───── Dataset excerpts ─────

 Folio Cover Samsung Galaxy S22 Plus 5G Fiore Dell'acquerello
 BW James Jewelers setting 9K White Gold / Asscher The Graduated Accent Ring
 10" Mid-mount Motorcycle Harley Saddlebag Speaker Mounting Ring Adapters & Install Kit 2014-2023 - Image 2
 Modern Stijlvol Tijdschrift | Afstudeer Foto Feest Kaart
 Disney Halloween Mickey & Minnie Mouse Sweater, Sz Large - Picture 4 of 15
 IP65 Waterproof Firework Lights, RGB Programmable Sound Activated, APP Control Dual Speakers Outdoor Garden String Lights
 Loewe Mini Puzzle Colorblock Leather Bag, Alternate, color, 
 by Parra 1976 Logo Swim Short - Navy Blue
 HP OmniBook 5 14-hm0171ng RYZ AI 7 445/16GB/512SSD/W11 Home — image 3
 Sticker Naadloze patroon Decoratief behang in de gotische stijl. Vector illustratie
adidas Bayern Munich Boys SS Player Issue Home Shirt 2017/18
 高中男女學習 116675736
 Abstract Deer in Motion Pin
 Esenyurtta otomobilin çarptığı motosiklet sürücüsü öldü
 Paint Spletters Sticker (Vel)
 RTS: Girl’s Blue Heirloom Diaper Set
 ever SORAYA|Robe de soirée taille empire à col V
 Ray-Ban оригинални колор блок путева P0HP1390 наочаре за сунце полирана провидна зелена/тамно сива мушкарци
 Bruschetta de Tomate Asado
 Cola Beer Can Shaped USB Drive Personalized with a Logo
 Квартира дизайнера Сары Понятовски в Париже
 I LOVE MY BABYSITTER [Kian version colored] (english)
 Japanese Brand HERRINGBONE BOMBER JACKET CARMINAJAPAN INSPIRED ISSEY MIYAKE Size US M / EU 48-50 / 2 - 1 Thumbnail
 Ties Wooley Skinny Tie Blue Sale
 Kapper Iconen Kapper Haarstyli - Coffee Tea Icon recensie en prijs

─────

Of the lines above, retype only those from the line containing "IP65 Waterproof Firework" through the line containing "by Parra 1976 Logo Swim Short - Navy Blue", including both, exactly.

 IP65 Waterproof Firework Lights, RGB Programmable Sound Activated, APP Control Dual Speakers Outdoor Garden String Lights
 Loewe Mini Puzzle Colorblock Leather Bag, Alternate, color, 
 by Parra 1976 Logo Swim Short - Navy Blue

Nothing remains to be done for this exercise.